Start of Extracted material

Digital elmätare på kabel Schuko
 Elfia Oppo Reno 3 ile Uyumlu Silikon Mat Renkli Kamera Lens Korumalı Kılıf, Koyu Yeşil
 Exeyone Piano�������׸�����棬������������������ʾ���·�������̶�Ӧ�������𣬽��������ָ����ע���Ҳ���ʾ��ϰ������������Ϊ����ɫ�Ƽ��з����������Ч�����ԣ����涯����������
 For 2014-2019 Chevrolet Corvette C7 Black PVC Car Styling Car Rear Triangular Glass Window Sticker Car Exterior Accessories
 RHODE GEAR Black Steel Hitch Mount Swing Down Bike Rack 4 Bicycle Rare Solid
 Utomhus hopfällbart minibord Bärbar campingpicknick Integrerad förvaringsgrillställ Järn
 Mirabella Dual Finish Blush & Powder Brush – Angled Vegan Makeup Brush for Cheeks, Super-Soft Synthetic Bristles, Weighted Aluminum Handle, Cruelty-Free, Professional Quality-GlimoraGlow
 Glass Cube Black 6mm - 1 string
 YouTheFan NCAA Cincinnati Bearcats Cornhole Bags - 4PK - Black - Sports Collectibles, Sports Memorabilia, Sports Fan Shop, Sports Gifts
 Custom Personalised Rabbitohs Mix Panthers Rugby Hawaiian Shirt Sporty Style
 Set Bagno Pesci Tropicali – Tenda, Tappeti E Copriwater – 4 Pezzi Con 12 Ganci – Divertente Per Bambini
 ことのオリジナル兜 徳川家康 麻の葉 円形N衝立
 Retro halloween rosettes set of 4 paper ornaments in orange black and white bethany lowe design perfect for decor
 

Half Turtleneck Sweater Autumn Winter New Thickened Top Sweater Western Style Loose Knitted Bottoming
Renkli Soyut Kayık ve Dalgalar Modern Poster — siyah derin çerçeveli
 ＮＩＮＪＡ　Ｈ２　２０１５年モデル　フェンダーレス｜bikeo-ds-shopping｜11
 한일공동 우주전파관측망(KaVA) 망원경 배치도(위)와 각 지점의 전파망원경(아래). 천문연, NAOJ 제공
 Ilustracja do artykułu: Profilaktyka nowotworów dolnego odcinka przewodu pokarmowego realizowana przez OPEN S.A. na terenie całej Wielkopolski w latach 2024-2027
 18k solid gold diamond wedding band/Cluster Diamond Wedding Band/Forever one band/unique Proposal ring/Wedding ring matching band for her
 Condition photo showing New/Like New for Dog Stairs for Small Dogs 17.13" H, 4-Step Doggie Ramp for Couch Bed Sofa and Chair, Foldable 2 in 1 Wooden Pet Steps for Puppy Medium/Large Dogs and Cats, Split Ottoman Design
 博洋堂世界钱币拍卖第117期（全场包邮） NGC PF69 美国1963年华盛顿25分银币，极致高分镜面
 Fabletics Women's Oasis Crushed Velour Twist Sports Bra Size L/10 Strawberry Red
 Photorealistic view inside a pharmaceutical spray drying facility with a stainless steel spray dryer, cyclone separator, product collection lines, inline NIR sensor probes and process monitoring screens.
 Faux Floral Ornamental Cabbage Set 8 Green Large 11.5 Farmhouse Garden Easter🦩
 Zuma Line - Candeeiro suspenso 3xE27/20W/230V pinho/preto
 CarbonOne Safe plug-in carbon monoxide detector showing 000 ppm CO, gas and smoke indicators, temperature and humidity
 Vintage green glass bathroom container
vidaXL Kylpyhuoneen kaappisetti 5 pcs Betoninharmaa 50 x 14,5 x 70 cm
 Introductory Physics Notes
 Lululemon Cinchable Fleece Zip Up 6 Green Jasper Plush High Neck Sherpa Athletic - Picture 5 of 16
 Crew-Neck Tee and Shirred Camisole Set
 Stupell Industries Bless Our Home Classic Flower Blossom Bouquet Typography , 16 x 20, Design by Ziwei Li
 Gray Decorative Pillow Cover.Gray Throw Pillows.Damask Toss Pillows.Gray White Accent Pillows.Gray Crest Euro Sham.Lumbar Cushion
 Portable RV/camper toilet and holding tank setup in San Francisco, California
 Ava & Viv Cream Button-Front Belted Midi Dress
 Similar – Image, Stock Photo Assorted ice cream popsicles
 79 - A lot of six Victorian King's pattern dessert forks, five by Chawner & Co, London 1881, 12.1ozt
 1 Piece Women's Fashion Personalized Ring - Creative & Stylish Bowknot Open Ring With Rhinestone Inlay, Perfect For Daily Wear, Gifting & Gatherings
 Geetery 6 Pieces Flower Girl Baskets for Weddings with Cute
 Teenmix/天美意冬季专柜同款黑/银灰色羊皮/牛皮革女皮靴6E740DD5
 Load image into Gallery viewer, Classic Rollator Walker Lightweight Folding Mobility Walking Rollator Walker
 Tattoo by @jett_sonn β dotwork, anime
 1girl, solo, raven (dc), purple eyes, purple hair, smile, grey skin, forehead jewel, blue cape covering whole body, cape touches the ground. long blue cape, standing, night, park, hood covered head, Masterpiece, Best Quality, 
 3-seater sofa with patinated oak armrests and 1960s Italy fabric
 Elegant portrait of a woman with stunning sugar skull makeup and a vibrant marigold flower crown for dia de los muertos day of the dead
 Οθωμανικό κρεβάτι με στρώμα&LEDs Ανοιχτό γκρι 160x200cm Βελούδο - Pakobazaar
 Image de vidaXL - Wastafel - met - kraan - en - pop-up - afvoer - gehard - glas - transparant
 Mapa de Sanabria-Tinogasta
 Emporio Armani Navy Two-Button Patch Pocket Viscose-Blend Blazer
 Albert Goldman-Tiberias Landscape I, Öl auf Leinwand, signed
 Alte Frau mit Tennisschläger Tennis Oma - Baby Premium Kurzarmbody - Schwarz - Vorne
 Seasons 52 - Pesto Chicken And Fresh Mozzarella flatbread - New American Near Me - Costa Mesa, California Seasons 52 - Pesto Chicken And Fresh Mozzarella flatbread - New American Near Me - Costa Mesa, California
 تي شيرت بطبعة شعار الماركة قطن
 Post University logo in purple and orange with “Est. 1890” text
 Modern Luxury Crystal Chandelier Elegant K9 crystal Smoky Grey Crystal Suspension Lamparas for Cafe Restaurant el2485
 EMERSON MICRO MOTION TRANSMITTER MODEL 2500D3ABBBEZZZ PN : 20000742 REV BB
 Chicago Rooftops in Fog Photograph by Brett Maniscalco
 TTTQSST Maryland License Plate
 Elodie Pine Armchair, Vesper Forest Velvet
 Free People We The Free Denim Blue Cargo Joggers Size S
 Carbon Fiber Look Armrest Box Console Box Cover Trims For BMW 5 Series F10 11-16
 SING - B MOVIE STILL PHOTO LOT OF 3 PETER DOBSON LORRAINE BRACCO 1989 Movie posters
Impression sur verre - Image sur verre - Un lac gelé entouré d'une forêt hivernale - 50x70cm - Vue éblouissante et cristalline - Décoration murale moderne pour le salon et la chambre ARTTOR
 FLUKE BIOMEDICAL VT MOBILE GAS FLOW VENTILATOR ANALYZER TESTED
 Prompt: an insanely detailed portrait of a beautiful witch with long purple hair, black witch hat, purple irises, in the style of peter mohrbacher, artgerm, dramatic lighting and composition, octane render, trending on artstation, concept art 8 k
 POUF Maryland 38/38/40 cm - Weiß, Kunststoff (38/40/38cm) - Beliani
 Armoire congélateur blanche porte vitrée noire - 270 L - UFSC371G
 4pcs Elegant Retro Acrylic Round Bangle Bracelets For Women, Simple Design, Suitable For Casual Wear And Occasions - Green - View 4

End of Extracted material

Copy the lines above exactly. Start with the line containing "YouTheFan NCAA Cincinnati", end with the line containing "Ilustracja do artykułu: Profilaktyka", and include both.

 YouTheFan NCAA Cincinnati Bearcats Cornhole Bags - 4PK - Black - Sports Collectibles, Sports Memorabilia, Sports Fan Shop, Sports Gifts
 Custom Personalised Rabbitohs Mix Panthers Rugby Hawaiian Shirt Sporty Style
 Set Bagno Pesci Tropicali – Tenda, Tappeti E Copriwater – 4 Pezzi Con 12 Ganci – Divertente Per Bambini
 ことのオリジナル兜 徳川家康 麻の葉 円形N衝立
 Retro halloween rosettes set of 4 paper ornaments in orange black and white bethany lowe design perfect for decor
 

Half Turtleneck Sweater Autumn Winter New Thickened Top Sweater Western Style Loose Knitted Bottoming
Renkli Soyut Kayık ve Dalgalar Modern Poster — siyah derin çerçeveli
 ＮＩＮＪＡ　Ｈ２　２０１５年モデル　フェンダーレス｜bikeo-ds-shopping｜11
 한일공동 우주전파관측망(KaVA) 망원경 배치도(위)와 각 지점의 전파망원경(아래). 천문연, NAOJ 제공
 Ilustracja do artykułu: Profilaktyka nowotworów dolnego odcinka przewodu pokarmowego realizowana przez OPEN S.A. na terenie całej Wielkopolski w latach 2024-2027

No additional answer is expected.